Pourquoi ce nom à deux particules pour un modeste cheval de travail ? L’Association a constaté l’usage simultané par les éleveurs et les acheteurs des deux termes « cheval de Barraquand » et « cheval du Vercors », et l’administration a accepté cette appellation. Mais, comme l’imagine F. Lejeune, on aurait pu l’appeler « cheval de Léoncel »…
En effet, on peut remonter l’origine de la race assez loin, c’est-à-dire aux chevaux décrits au début des années 1770 par dom Périer, prieur de l’abbaye de Léoncel. Les traits qu’il leur donne sont ceux du Barraquand : « Les chevaux nés dans ce pays sont vifs, robustes, déliés, jambe sèche et nette, pied sûr, la selle dure comme leur constitution qui vient de l’air toujours froid ou frais et d’une pâture de foin sec et moelleux. » [voir Michel Wullschleger : « Cisterciens de Léoncel. Les prieurs du dernier demi-siècle (1739-1790). » Cahier de Léoncel n° 6, p. 18-33.]
L’élevage de chevaux s’est répandu dans le sud du massif du Vercors, à partir de la première moitié du 19e siècle. Les communes de la Vernaison et du Royans, Léoncel, Le Chaffal, Plan-de-Baix et Omblèze deviennent des pays de cheval : la seule région des Alpes à élevage équin. Chaque ferme avait sa jument poulinière ; les étalons du haras national d’Annecy venaient à La Chapelle-en-Vercors, à Saint-Jean-en-Royans. [Voir Jules Blache : « Les massifs de la Grande-Chartreuse et du Vercors », éd. Didier-Richard 1931. Tome 2, livre III, chapitre I]
Jules Barraquand, à partir de 1894, constitue un troupeau, qui transhume, de 1908 à 1954, deux fois par an entre Vercors et Crau : 200 km en 5 étapes. [Voir Charles Gardelle « Alpages, terres de l’été. Dauphiné » éd. La Fontaine de Siloé, 2001, p. 236 et suivantes]. En fin de l’article, voir les cartes de l’itinéraire.
La race est bien vivante, elle peut servir « à deux fins » , c’est à dire à l’équitation et au travail. Mais rares encore sont les usages en exploitation agricole, alors qu’elle est adaptée aux travaux en viticulture, maraîchage, ou au transport sur bât. Mais la race reste fragile : le cheptel compte environ 250 chevaux, avec une vingtaine de poulains chaque année. Le maintien du patrimoine génétique est donc un problème important pour les éleveurs, qui ne veulent pas faire disparaître les caractéristiques de la race.

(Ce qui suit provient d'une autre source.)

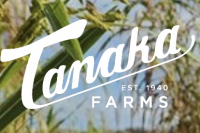 Tanaka Farms Pumpkin Patch & Corn Maze — Outdoors & nature in Tanaka Farms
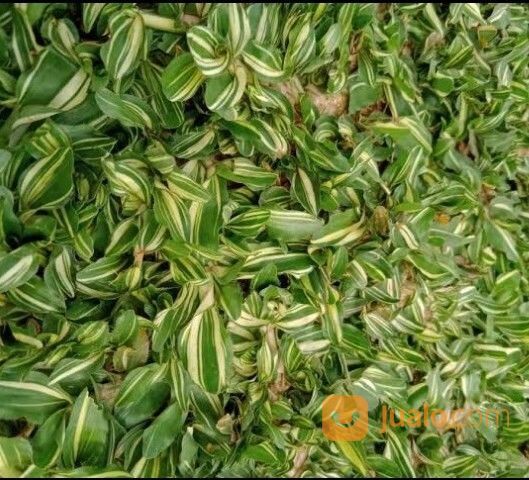 Rumput Gajah Mini Varigata Gianyar Terdekat,Rumput Hijau Dan Subur Murah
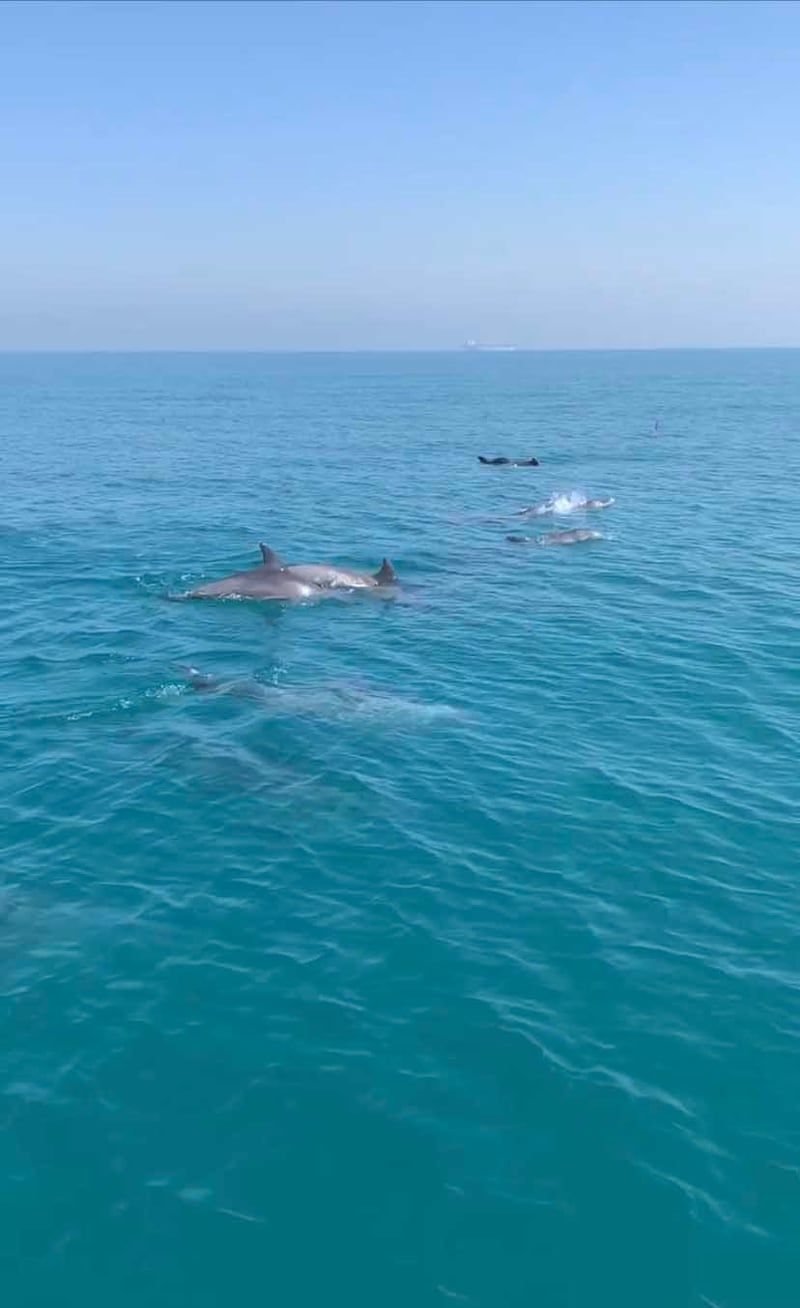 About 70 kilometres from Dubai lies Moon Island. Kelly Timmins, director of conservation, education and CSR at Atlantis, The Palm, has spotted some Indo-Pacific bottlenose dolphins here. Photo: Kelly Timmins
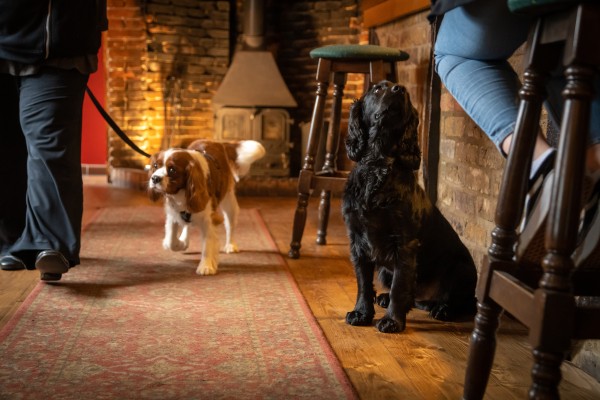 Pub Dog Training Ipswich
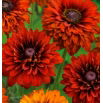 Rudbekia dwubarwna Cherokee Sunset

La séance s’est achevée plus tardivement que prévu… les échanges ont été nombreux.
Ci-dessous, photographies faites durant le film.
Le trajet du troupeau en 1946
Cet itinéraire est donné par Jean-Xavier Dussert dans une thèse de médecine vétérinaire soutenue en 1947 : Les chevaux du Vercors, élevage et transhumance. L’auteur a accompagné le troupeau en juin 1946, d’Arles à Léoncel.
Itinéraire dans les Bouches-du-Rhône : des pâtures d’Arles (Mas Cadenet) à Rognonas, pour passer la nuit sur l’aérodrome de ce village (en herbe) et traverser le lendemain la Durance sur le pont de Rognonas (tracé orange). Le film tourné en 1947 montre le troupeau passant la Durance au pont de Bonpas (tracé rouge).
Itinéraire en Vaucluse. Deuxième jour, de Rognonas à Bédarrides. Passage de la Durance, Avignon, Le Pontet, Sorgues Bédarrides en empruntant la Nationale 7. Nuit au château des Taillades. Troisième jour par des chemins vicinaux : de Bédarrides à Taulignan, en passant par Jonquières, Violès, Sainte-Cécile-les-Vigne, Tulette, Visan, Valréas. Nuit sur le champ de foire de Taulignan.
Itinéraire dans la Drôme. Quatrième jour : de Taulignan à Puy-Saint-Martin. Cinquième jour : de Taulignan à Crest. Enfin, sixième étape : de Crest à Léoncel, par Aouste-sur-Sye, Beaufort, Plan-de-Baix, La Vacherie.
Le troupeau s’installe à Léoncel, puis monte à l’Echaillon, puis ensuite à Font d’Urle.
Il refait la route en sens inverse en octobre.